UEFA chooses US bank to lead €7bn football funding
European football authorities have chosen Citigroup to lead a pandemic funding scheme worth up to €7 billion for clubs in the region, according to people with knowledge of the matter, as fears grow over further disruption of the Omicron variant of the coronavirus.
The financial package, as well as the selection of the American bank to lead the project if it materializes, will be presented to the UEFA executive committee on Thursday, one of the sources said.
UEFA, which organizes the Champions League, Europe’s most prestigious club competition, could decide whether or not to pursue the deal at a separate meeting next spring, although the governing body may go further. faster than that in practice.

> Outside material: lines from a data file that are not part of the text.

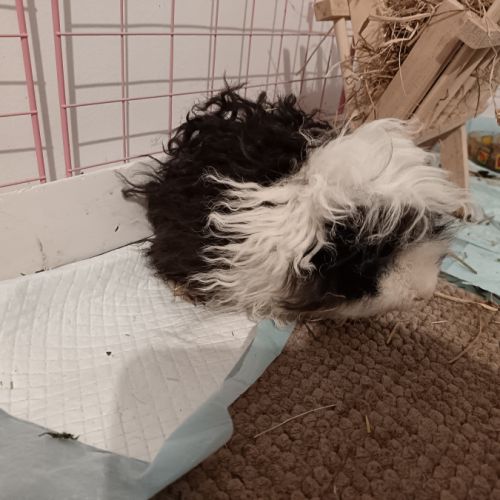 Donne cochons d'inde mâles nés en 2026 #2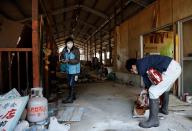 The Wider Image: The man who saves forgotten cats in Fukushima's nuclear zone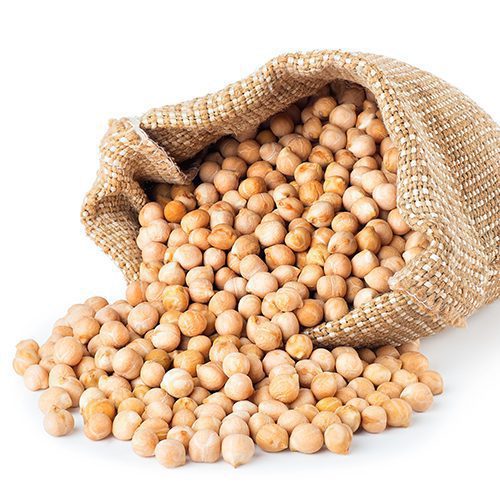 Garbanzo - Semillas de brotes orgánicos
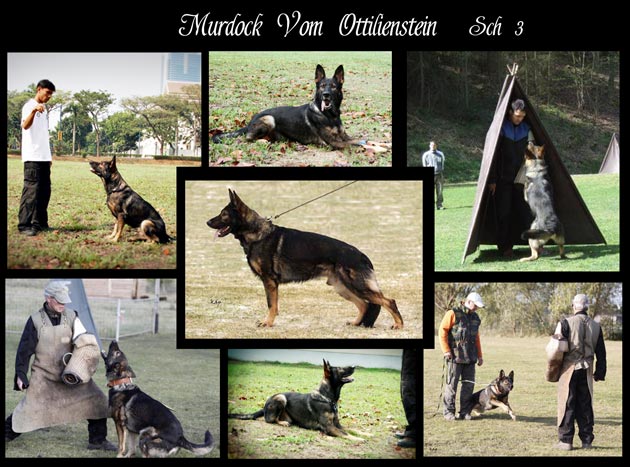 Murdock Vom Ottilienstein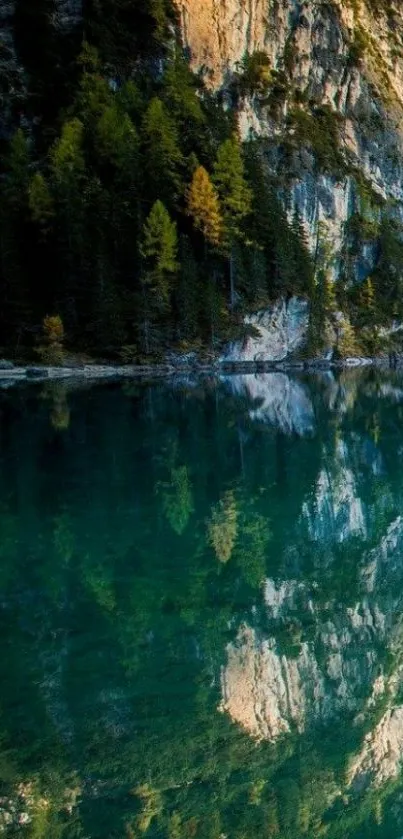 Serene mountain lake with forest and reflections.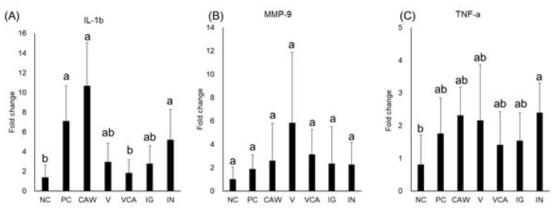 Configuration of inflammatory mediators from rat gingival tissue after 14-days ligation A) IL-1b, B) MMP-9, C) TNF-a. Different letter indicate significant differences from Mann-Whitney. NC: negative control, PC: positive control, CAW: Colocasia antiquorum extract in Water V: varnish, VCA: Vanish with CA extract, IG: Igatan, IN: Insadol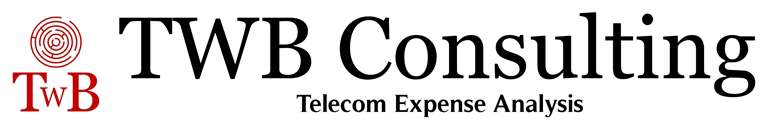 TWB Consulting - Logo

Clubs across Europe are in need of funding after losing billions of euros in revenue since the coronavirus outbreak in early 2020 forced leagues to postpone games. These were later postponed to take place behind closed doors, which hit ticket revenue. UEFA previously estimated that European clubs lost around €9 billion in revenue.
The creation of a club relief fund could provide clubs with the cash needed to help them through further disruption.
In the English Premier League, Europe’s richest domestic division, games for Brentford, Manchester United, Burnley and Watford were called off this week due to positive tests, while German Bundesliga games are played in front of crowds reduced.
Citi’s win comes after a competitive process that also involved bids from rival banks Goldman Sachs and Macquarie, as well as private equity firm Apollo, the Financial Times previously reported. Other groups may still have a role to play in the project.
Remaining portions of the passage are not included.